Pasal ini dinilai Ketua Umum Badan Pelayan Persekutuan Kristen Injili Nasional (NECF) Pdt. Dr. Eu Hong Seng telah disalahgunakan pemerintah untuk menakuti pihak lain dan melindungi hak kelompok mayoritas dalam negara itu.
Ternyata hal ini memicu kecaman dari pemimpin organisasi supremasi Pertubuhan Pribumi Perkasa Malaysia (Perkasa) Ibrahim Ali yang menyerukan untuk menjaga kemanan nasional dan pihak berwajib harus menghukum orang-orang yang dianggap 'melecehkan' Malaysia, karena h mempertanyakan pasal 153 dalam Konstitusi Malaysia.
Ibrahim Ali juga menyatakan akan memenjarakan umat Kristen yang mengkritisi dan mempertanyakan keabsahan pasal 153 dan merekomendasikan untuk menghukum dengan status kewarganegaraan “Non-Malaysia” yang dapat diartikan hilang kewarganegaraan.
"Kami hanya menyanjung apa yang ada di Konstitusi Federal, jadi mohon jangan memprovokasi kami lagi, sebab itu tak baik untuk negara. Kami sudah bersabar untuk waktu yang lama" ujarnya.

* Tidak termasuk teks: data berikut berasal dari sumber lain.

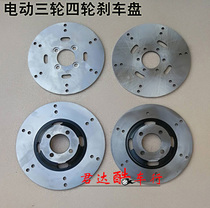 Electric four-wheeler brake disc four-wheel electric vehicle brake disc brake disc 180 flat disc 200 convex disc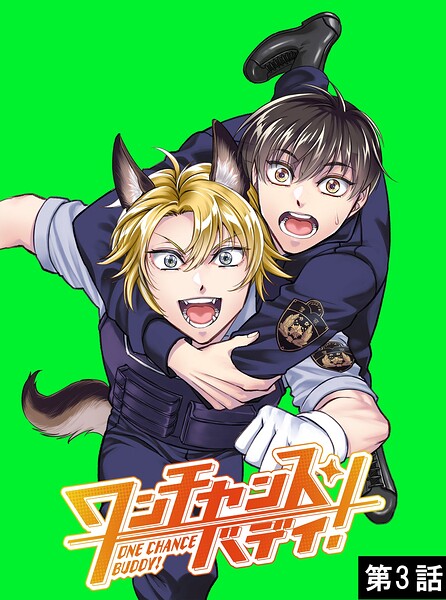 ワンチャンス・バディ！ 第3話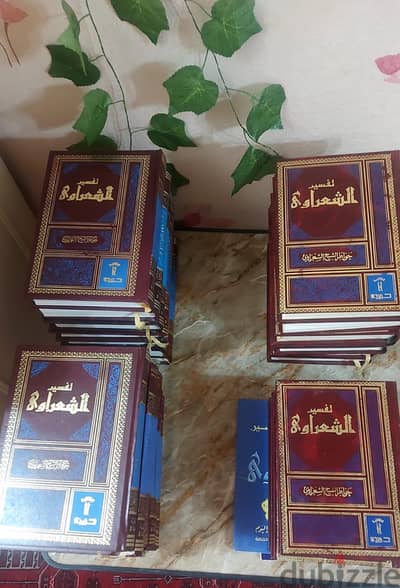 للبيع عدد (٢٧) مجلد خواطر الشيخ محمد متولي الشعراوي رحمه الله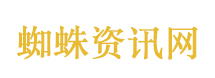 万水千山总是情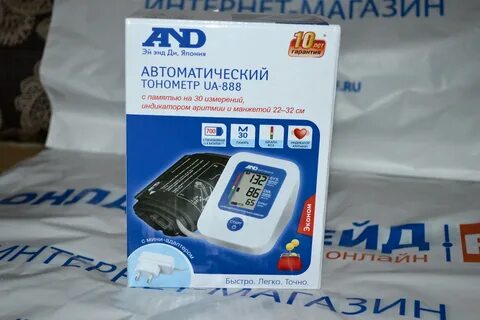 Тонометр автоматический 888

Umat Kristen, selayaknya umat lainya yang menjadi warga dalam suatu negara mempunyai hak dan kewajiban yang merata dan seimbang dalam segala bidang. Memperjuangkan kebenaran adalah sebuah kemuliaan, ketimbang mempertahankan peraturan yang diskriminatif sembari menghakimi pihak lain.